Supplied data |
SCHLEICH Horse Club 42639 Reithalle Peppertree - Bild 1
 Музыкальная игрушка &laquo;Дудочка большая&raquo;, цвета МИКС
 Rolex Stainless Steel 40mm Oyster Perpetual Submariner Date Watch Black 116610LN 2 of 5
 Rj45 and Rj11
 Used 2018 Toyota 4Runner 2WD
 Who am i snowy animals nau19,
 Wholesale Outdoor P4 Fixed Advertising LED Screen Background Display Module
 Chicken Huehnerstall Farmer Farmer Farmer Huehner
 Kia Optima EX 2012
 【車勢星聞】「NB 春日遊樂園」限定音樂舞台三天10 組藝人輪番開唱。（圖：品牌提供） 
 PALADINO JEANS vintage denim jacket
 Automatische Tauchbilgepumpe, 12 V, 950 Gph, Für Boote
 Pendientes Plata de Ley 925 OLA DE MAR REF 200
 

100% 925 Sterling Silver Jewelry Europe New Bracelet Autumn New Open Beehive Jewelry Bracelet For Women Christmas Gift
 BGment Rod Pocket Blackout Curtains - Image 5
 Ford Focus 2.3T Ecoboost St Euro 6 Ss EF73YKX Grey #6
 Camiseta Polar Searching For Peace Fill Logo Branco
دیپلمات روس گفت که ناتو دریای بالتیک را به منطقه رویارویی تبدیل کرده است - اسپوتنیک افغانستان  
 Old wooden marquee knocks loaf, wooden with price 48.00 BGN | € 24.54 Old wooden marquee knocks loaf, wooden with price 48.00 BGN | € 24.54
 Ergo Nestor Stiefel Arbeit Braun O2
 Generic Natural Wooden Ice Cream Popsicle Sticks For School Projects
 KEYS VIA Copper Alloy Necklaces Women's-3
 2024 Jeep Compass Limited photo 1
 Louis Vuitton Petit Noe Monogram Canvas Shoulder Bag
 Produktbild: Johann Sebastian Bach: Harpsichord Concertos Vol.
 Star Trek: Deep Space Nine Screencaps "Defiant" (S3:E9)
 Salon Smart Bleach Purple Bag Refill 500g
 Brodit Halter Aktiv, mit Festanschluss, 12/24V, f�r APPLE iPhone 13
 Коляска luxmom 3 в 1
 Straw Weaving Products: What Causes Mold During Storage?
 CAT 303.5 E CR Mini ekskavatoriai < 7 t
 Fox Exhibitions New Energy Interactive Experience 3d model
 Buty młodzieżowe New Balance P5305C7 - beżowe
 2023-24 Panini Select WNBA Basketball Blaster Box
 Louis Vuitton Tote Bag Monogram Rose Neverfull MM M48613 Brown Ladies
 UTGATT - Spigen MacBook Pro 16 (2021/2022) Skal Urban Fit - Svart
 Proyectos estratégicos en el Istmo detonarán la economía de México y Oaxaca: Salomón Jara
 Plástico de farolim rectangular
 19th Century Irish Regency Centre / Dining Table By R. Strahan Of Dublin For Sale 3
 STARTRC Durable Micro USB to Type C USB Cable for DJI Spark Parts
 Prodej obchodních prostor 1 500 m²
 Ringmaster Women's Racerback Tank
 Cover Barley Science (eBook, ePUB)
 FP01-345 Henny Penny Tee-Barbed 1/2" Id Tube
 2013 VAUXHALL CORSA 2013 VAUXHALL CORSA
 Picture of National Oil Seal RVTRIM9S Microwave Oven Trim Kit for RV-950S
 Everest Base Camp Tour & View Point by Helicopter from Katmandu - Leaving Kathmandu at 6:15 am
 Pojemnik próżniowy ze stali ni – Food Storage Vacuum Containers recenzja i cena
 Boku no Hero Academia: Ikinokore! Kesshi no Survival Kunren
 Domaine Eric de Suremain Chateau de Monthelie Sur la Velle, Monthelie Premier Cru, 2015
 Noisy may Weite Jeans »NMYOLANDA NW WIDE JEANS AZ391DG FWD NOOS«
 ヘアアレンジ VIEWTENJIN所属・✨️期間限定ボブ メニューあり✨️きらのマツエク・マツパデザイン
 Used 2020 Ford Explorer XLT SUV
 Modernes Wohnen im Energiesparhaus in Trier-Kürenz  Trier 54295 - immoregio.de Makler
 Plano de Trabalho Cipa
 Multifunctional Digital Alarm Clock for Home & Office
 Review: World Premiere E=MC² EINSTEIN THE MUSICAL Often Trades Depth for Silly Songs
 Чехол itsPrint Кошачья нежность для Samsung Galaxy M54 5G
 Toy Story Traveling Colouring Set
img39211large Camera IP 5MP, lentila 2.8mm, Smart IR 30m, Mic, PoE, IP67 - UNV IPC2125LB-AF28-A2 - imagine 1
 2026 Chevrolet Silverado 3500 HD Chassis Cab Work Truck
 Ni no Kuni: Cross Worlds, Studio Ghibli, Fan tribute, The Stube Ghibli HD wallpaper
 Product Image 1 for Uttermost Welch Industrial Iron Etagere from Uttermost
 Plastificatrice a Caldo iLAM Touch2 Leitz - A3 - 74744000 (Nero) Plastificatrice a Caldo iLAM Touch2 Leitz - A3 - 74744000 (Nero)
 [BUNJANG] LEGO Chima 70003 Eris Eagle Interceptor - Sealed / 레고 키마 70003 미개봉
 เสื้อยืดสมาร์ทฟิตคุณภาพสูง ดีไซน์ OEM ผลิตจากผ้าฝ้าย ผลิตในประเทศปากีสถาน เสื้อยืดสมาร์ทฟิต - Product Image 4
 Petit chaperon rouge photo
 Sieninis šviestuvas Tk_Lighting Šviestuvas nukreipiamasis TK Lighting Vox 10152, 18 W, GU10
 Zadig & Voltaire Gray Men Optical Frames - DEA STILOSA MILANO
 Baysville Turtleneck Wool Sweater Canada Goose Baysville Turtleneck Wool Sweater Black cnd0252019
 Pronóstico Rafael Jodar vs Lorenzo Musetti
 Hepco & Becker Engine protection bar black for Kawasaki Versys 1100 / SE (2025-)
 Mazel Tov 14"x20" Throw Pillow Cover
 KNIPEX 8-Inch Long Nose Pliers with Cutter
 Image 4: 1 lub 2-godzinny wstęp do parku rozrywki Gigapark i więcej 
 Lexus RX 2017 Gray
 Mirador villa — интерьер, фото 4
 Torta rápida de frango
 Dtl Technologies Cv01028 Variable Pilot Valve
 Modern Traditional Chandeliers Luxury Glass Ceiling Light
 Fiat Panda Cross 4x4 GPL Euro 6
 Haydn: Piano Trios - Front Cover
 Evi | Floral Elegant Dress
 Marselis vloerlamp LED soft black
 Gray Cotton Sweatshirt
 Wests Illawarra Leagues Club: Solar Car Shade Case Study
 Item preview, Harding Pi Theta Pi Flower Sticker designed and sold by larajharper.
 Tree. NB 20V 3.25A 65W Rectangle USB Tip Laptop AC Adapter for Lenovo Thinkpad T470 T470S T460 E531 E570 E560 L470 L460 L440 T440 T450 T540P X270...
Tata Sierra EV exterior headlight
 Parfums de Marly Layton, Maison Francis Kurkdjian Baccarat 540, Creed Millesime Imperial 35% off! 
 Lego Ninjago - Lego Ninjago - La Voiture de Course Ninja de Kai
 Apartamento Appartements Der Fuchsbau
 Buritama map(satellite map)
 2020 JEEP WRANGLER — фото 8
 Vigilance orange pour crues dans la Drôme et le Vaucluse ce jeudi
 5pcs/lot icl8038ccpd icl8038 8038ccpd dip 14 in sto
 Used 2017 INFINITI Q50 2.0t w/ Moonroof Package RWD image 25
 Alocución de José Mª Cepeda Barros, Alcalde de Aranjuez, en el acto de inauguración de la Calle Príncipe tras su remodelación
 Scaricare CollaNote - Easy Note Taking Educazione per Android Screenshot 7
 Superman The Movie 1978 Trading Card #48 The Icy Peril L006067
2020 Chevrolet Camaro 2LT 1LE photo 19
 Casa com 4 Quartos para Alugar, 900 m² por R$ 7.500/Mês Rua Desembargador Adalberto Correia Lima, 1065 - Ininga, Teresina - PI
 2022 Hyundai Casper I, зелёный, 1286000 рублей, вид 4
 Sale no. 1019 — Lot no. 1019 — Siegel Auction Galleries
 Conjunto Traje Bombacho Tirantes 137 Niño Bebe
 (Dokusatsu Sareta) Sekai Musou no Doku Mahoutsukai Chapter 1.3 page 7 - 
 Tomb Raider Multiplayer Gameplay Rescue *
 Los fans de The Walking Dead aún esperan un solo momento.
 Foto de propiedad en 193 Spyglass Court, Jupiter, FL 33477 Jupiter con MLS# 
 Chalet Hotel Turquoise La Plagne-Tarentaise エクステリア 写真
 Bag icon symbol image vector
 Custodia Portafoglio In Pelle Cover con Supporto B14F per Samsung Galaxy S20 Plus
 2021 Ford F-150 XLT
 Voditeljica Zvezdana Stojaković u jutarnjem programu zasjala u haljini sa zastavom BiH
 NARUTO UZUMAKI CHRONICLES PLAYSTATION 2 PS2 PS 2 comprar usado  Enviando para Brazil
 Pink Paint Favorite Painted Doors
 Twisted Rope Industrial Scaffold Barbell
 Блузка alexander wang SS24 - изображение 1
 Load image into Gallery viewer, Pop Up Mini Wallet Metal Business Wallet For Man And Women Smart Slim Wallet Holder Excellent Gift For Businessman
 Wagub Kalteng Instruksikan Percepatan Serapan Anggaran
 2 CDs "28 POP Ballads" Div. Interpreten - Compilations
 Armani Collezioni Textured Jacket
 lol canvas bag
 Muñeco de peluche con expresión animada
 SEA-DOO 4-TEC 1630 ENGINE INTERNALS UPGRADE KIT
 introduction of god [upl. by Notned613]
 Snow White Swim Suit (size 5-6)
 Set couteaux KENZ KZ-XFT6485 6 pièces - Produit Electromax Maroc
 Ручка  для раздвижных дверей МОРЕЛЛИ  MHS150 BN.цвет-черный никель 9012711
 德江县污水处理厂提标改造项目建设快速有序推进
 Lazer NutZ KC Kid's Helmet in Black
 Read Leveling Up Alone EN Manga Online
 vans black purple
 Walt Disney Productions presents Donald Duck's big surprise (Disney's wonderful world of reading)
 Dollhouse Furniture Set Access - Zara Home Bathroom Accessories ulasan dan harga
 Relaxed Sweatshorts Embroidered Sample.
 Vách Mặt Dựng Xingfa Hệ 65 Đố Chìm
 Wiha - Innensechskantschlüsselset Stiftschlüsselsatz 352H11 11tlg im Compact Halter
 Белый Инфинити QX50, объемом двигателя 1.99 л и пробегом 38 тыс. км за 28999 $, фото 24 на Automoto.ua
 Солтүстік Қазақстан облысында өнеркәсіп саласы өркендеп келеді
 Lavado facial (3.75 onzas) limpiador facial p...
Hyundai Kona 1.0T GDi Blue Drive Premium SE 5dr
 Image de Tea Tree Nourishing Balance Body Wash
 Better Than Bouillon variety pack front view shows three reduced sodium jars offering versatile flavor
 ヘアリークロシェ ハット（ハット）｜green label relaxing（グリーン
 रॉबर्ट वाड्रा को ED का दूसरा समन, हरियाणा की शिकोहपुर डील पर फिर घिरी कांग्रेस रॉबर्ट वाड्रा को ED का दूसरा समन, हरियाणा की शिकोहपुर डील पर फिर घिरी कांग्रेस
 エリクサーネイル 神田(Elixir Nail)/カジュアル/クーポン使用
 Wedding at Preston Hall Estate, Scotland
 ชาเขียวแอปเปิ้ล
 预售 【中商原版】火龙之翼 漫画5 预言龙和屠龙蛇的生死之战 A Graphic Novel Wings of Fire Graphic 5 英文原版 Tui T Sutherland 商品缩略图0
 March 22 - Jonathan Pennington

Task instructions | Return, word for word, the lines of the data above from the line with "Pink Paint Favorite Painted Doors" through the line with "Armani Collezioni Textured Jacket", inclusive.

Written answer |
 Pink Paint Favorite Painted Doors
 Twisted Rope Industrial Scaffold Barbell
 Блузка alexander wang SS24 - изображение 1
 Load image into Gallery viewer, Pop Up Mini Wallet Metal Business Wallet For Man And Women Smart Slim Wallet Holder Excellent Gift For Businessman
 Wagub Kalteng Instruksikan Percepatan Serapan Anggaran
 2 CDs "28 POP Ballads" Div. Interpreten - Compilations
 Armani Collezioni Textured Jacket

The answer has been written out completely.